# toronto must see stores?



## superfishy45 (Oct 28, 2012)

Hey i am comming to toronto from peterborough and looking for must see aquarium stores for cichlids, saltwater fish, coral. i am looking for the best of the best stores to make my trip worth it.


----------



## Fishfur (Mar 4, 2012)

Finnatics for one, on Dixie Rd south of the 401, for cichlids and lots of other stuff.
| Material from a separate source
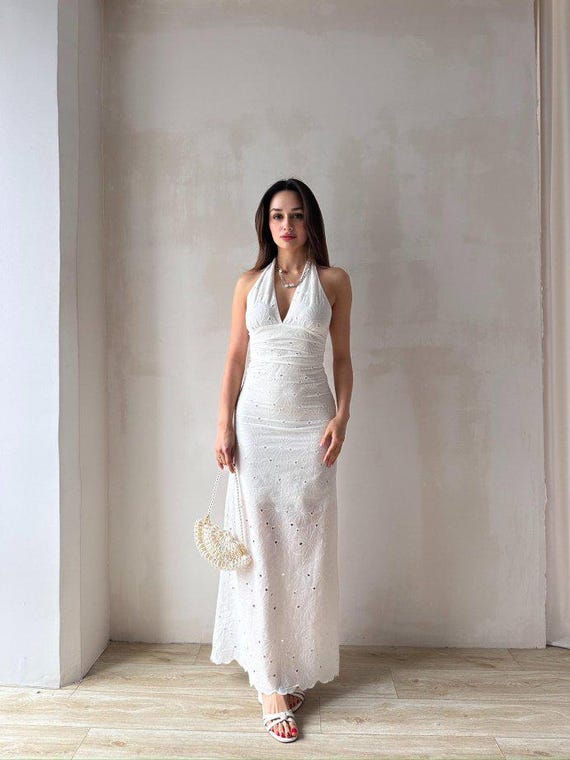 white eyelet halter dress Embroidered Maxi Race Dress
Check the general marketplace ads for info on their latest stocks.

R20 for another, great salty stuff at Dixie and Dundas, and also close by in Mississauga, along Dundas St within a few miles of each other there is Aquatic Kingdom and Big Als Mississauga, which do both Salt and FW and plants.

Downtown TO, there's Menagerie, though they have only a small fishroom they have some nice fish and often nice plants.
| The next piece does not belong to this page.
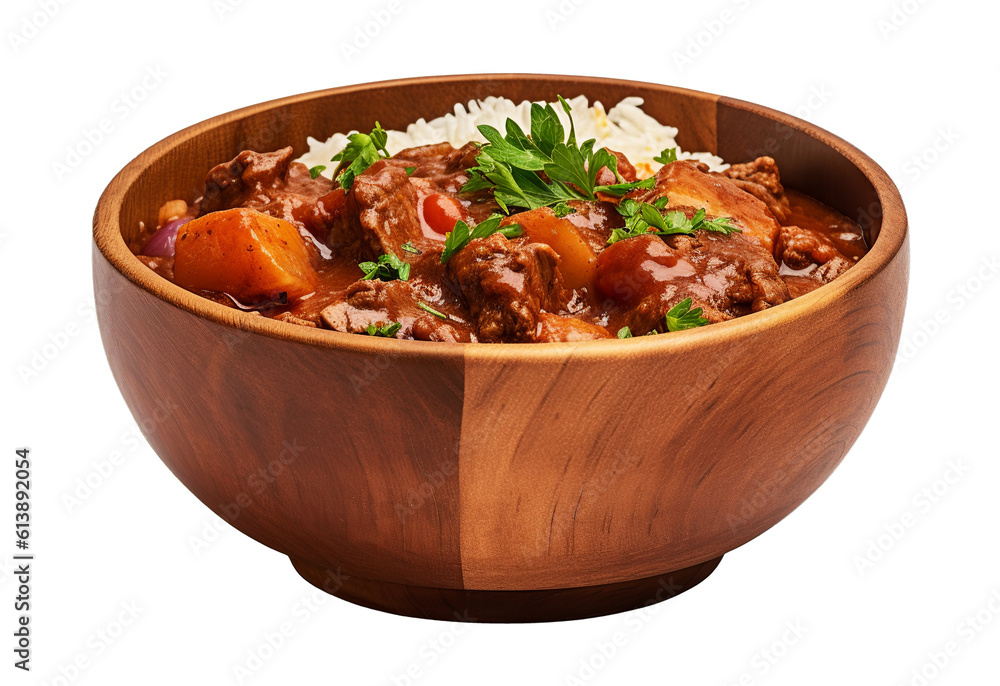 African beef stew on transparent background. Generative AI. African beef stew on transparent background. Generative AI.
In Scarborough, AI is worth seeing, if only for the spectacular display tanks they have in the Amano style.

I''m sure there are others, but these are the ones I know best.


----------



## superfishy45 (Oct 28, 2012)

Thanks for the reply will certanly check them out!


----------



## bob123 (Dec 31, 2009)

I agree Finatics #1 but it is north of the 401 according to the map.


----------



## superfishy45 (Oct 28, 2012)

Ok great that will certanly be a main stop.


----------



## ameekplec. (May 1, 2008)

If you're going for the most stores in one area, check out the strip of saltwater stores in the west end - Reef raft, aquatic kingdom, uh....a bunch of stores out that way. 

Menagerie is the best for FW oddities and cool finds - mostly small nano-friendly things in there. 
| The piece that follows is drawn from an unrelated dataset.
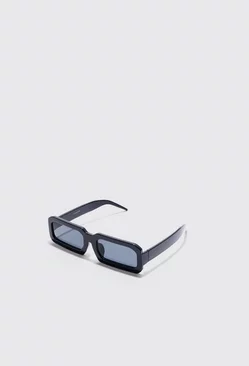 Rectangular Chunky Plastic Sunglasses Black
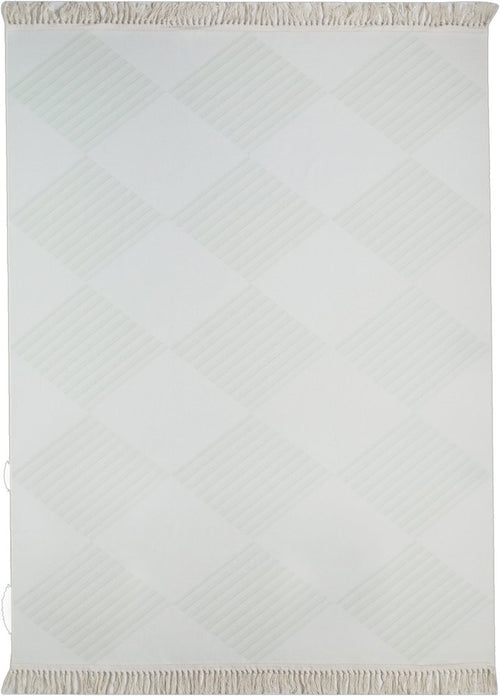 5' X 7' Green and Ivory Geometric Washable Area Rug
Sea U Marine is THE destination in the north end. 

The west end has the lion's share of the stores, but the ones to the east are more beloved stores


----------



## superfishy45 (Oct 28, 2012)

Seaumarine will be on my list!!!


----------



## d3rsk (Feb 3, 2013)

I did the Big Als (whitby and Kennedy), Kennedy is better than the whitby store for slection and pricing. 
Sea U Marine has a good selection as well. 
I picked up a pair of clowns from him almost a month ago and they are very happy in my tank. (Even after the 2+ hour trip back to Ptbo)



Sent from my BlackBerry 9900 using Tapatalk


----------



## Fishfur (Mar 4, 2012)

Sorry, my bad on the location of Finatics. Still well worth a visit ! And Reef Raft is gone. Now it's Rivers to Oceans.. aka R2O.. in a strip mall on the southwest corner of Dundas/Dixie, near the south end of the strip. I could almost toss a rock and hit the store from home.

Assuming you went to Finatics, if you came south to Dundas and went east, you'll find Aquatic Kingdom not too far along on the south side. They are in the process of moving down to the Chinese Mall by Dragon Discount Aquarium and Big Als.. but have not actually moved yet, at least, they hadn't the last time I was down that way a couple weeks ago. 

Then come west on Dundas and you get R20 at the intersection with Dixie, also on the south side, then a few blocks further along, just before Haines Rd, you find Big Als and Dragon Discount on the south side. Dragon has downsized recently and I don't know what they have now, but they were mostly FW before the downsize, I think. Big Als is just across the parking lot from them. All within a couple of miles, and Finatics is about fifteen minutes north of Dundas. Not really that far, the time is mainly because there are a lot of lights and a fair bit of construction on Dixie.


----------